All lines below starting at the one that holds "Holy Journey Night, Framed" and ending at the one that holds "Arla Indoor/Outdoor Sofa" should be printed exactly, ends included. Pictures should not be printed, nor anything else.

Data entries
-------------------------

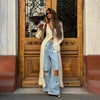 Women’s Knitted Hollow Flare Sleeve Long Cardigan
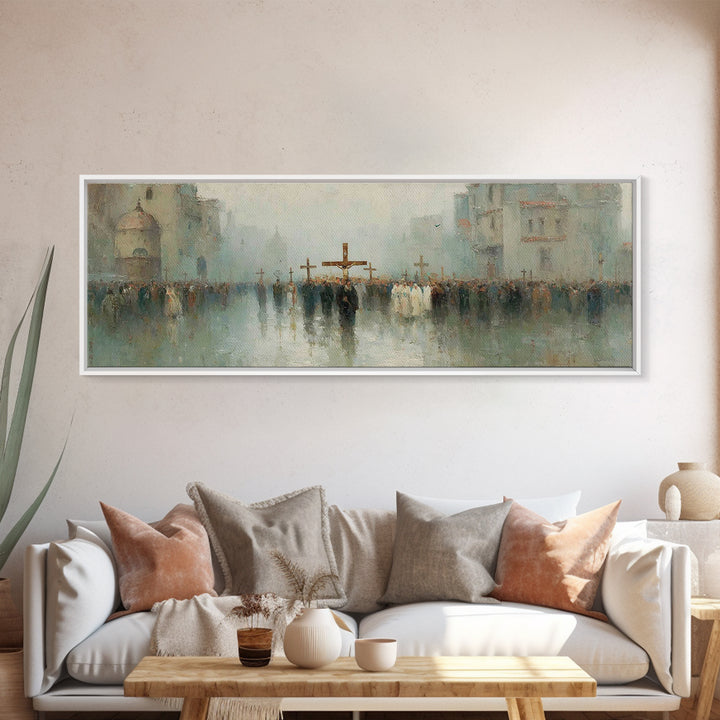 Holy Journey Night, Framed Canvas Print, Christian Christmas Art, Panoramic Wall Art, Jesus Christmas Art, Christmas Art Prints, Christian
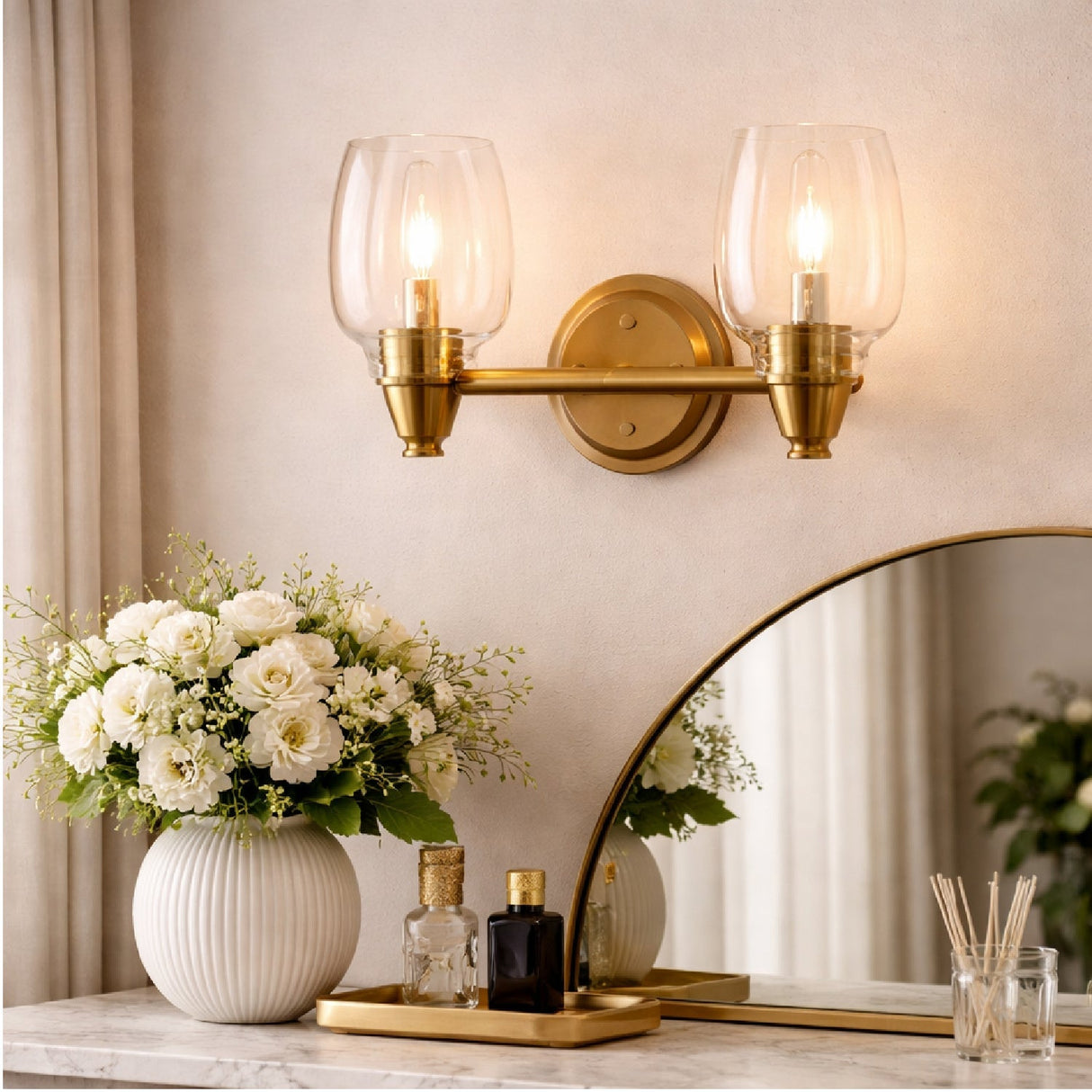 Modern European furniture - Gold Framed Glass Wall Lamp - www.oroa.com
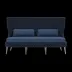 Arla Indoor/Outdoor Sofa Navy 75"W x 33"D x 44"H Twisted Faux Rope Weser Deep Blue High-Performance Fabric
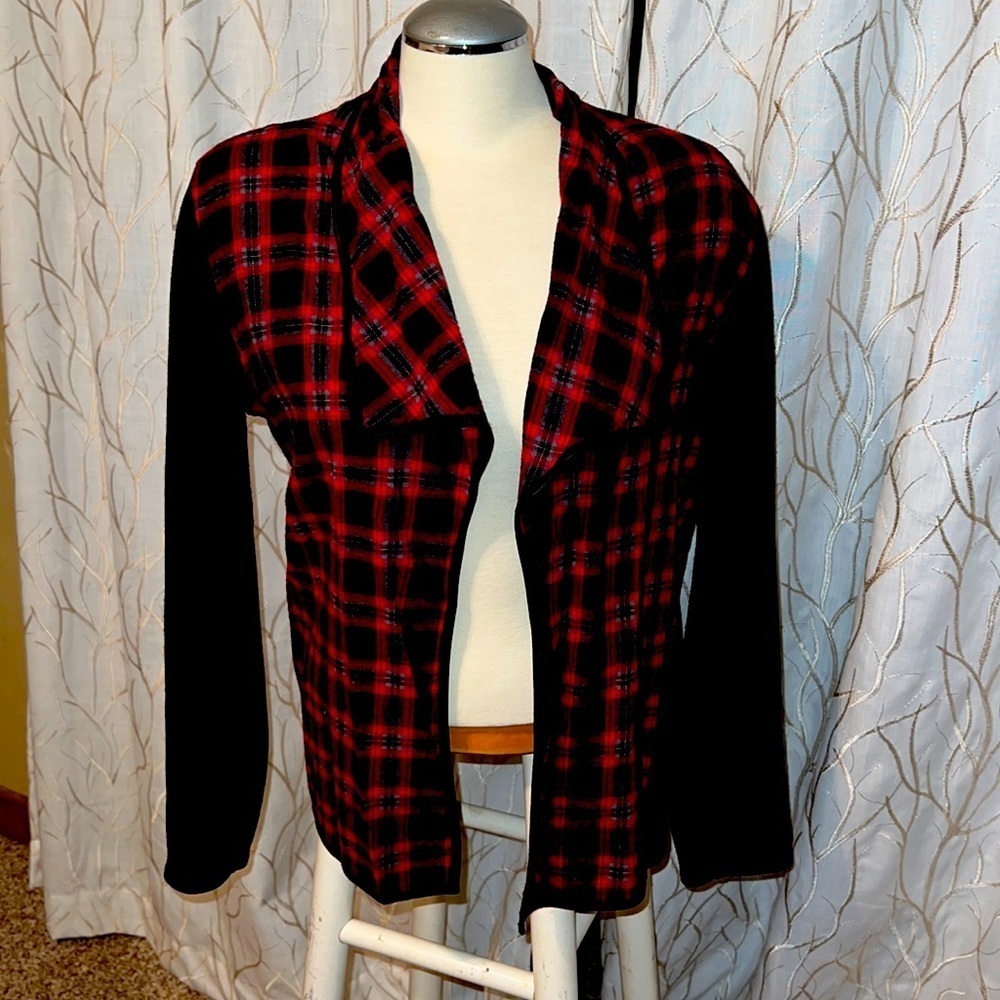 Red and Black cardigan. Size Large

-------------------------

Your solution:
 Holy Journey Night, Framed Canvas Print, Christian Christmas Art, Panoramic Wall Art, Jesus Christmas Art, Christmas Art Prints, Christian
 Modern European furniture - Gold Framed Glass Wall Lamp - www.oroa.com
 Arla Indoor/Outdoor Sofa Navy 75"W x 33"D x 44"H Twisted Faux Rope Weser Deep Blue High-Performance Fabric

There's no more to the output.